That is an insane understatement. “Mandy,” I say with difficulty, “were you aware that fairies confuse warfare and weddings?”
Mandy blinks at me, pure and innocent. “Oh, is this what human war is like?”
I’ve never wished so hard for Bulan to be back. But in his absence, I take a deep breath and try again. “Do you think more weapons are in our future? Yes or no.”
“I don’t know, maybe?”
As the music resumes, we hear a deep groaning from the staircase tree. It has begun writhing in displeasure, dislodging its branches from the walls in order to pluck out arrows. Apparently, the tree can’tbe satisfied with cosplaying a piece of architecture; it also has to be an Ent.
“Stop being extra,” I tell it. “You don’t hear the walls and floors complaining about the arrows that hitthem.”
“Mrrungghghghgh,” says the staircase tree.
Jurgis, grin cemented to his face, breaks from my hold. He picks an arrow up with blithe fascination. Reaches for his camera. “War photography. Journalism.”
“Yeah, this is normal,” I say, as if we aren’t facing our likely deaths. “Mandy, let’s go. I’m not waiting here for Rochester a second longer.”
She shrinks back. “But we’re supposed to stay here.

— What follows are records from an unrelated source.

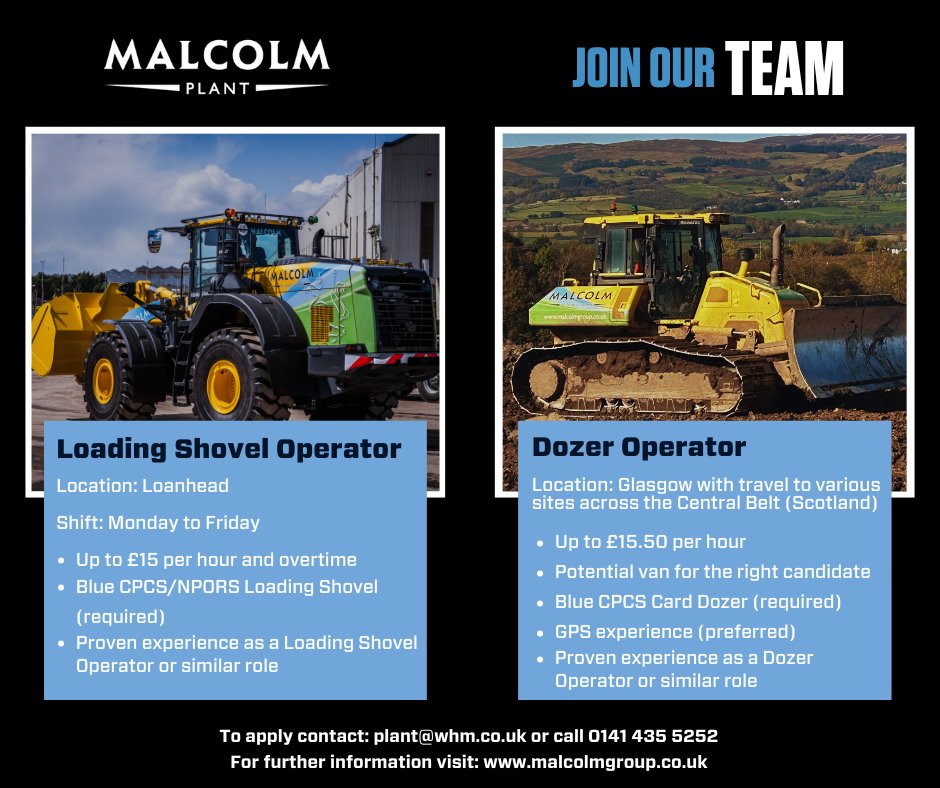 MalcolmGroup's tweet photo. #WeAreHiring #MalcolmPlant #TheMalcolmGroup #LoadingShovelOperator #DozerOperator https://t.co/5dwhwC9qTb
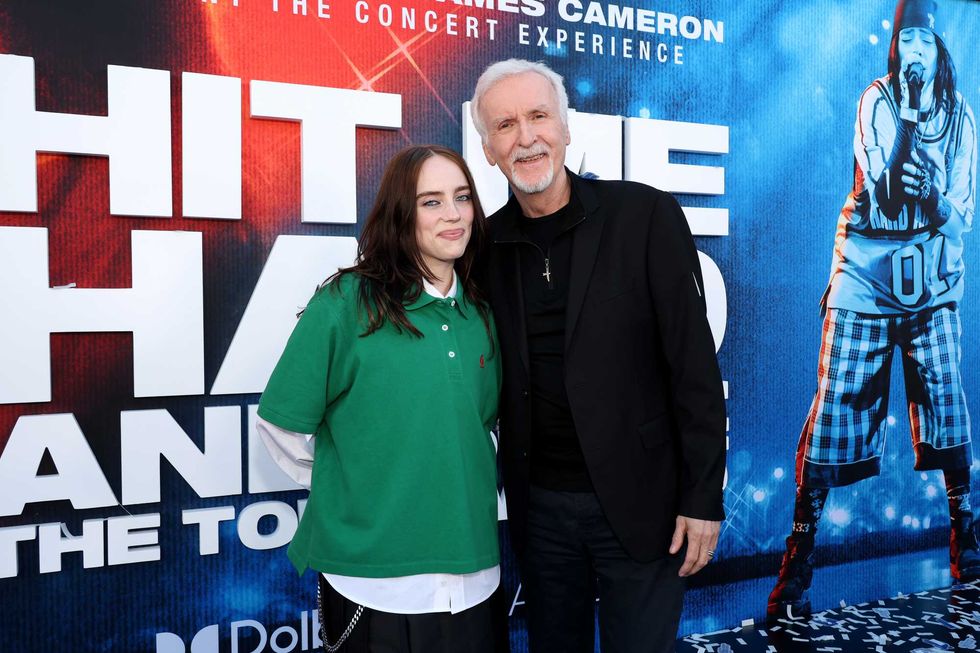 Billie Eilish and James Cameron attend the "Billie Eilish Hit Me Hard and Soft: The Tour Live in 3D" US Premiere at the Historic Village Theatre on May 06, 2026, in Los Angeles, California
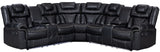 SOLEI Black 100" Wide Reclining Sectional with Speakers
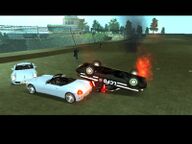 The Sicilian Mafia after having over turned a police car.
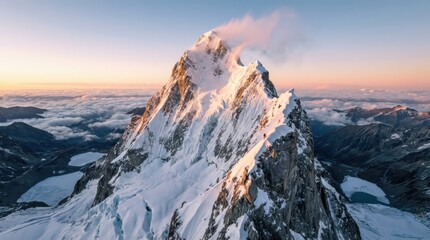 Breathtaking aerial view of a majestic snow-capped mountain peak glowing in the golden light of sunrise above the clouds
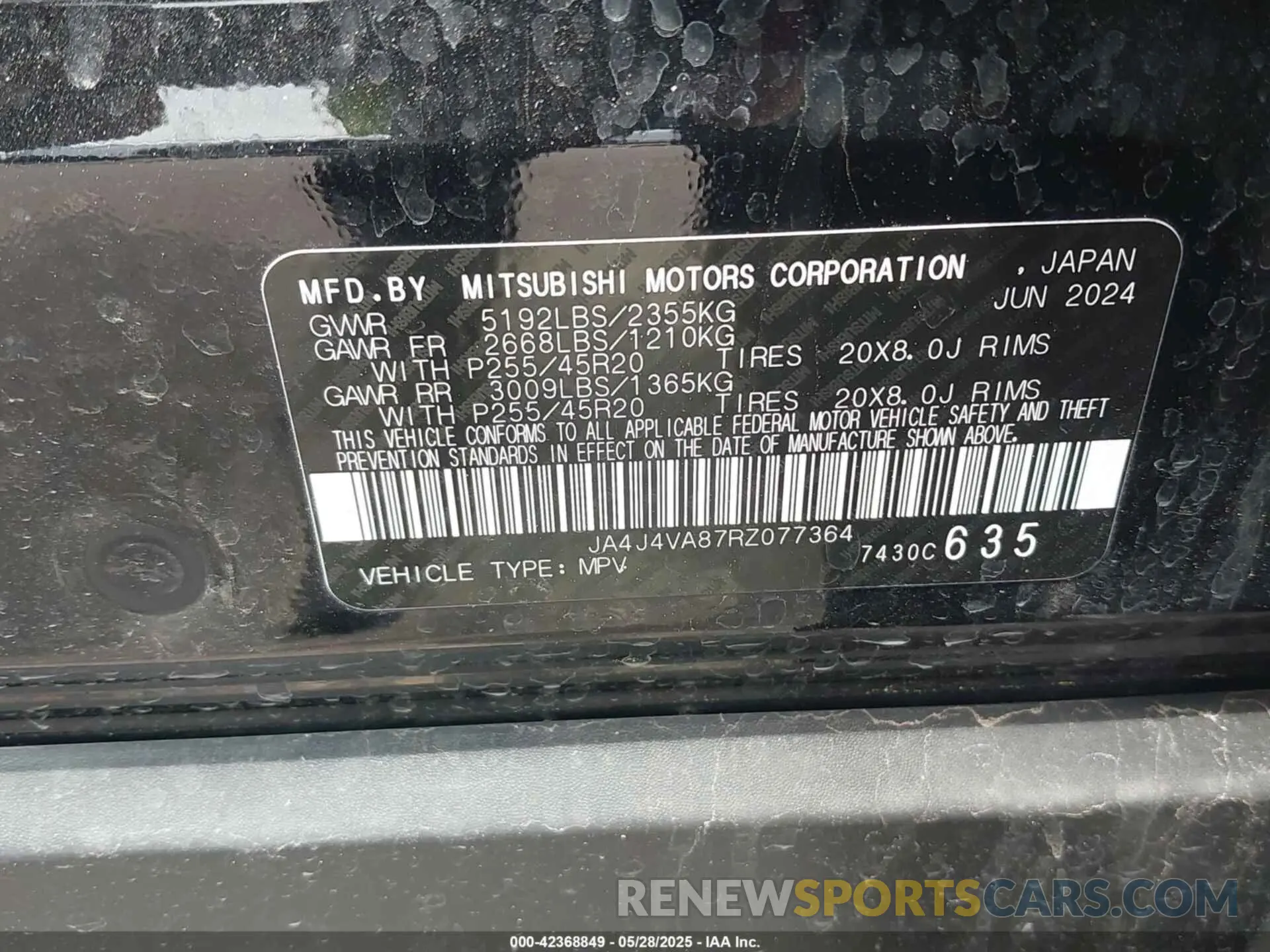9 Photograph of a damaged car JA4J4VA87RZ077364 MITSUBISHI OUTLANDER 2024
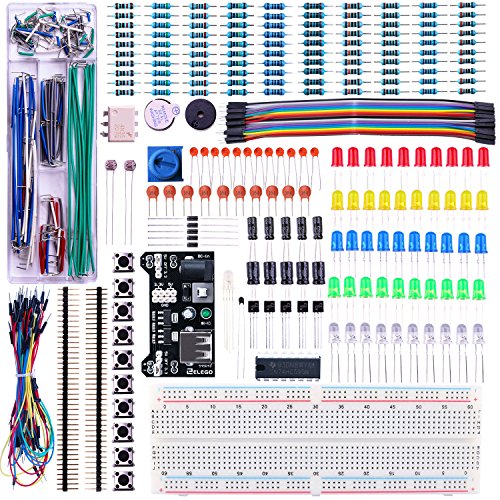 ELEGOO Überarbeitetes Elektronik Lernset Spaßset Stromversorgungsmodul Jumperkabel Potentiometer Breadboard Komponente Sortiment für Arduino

If I go, will I seem flaky?”
“Better flaky than dead.”
Thankfully understanding the strength of this argument, Mandy tugs at Jurgis’s arm to get him to retreat. “I sure hope they haven’t repealed that statute against hunting pixies.”
Oh, great. Now we have to worry about that too?
We haven’t gotten four steps toward the safe, encircling arms of the hallway leading to the Royal Wing before the music screeches to a halt.
“WILD CHASE!” the crowd shouts again.
Aghghhhhh, this can’t be necessary. “Duck!” I yell.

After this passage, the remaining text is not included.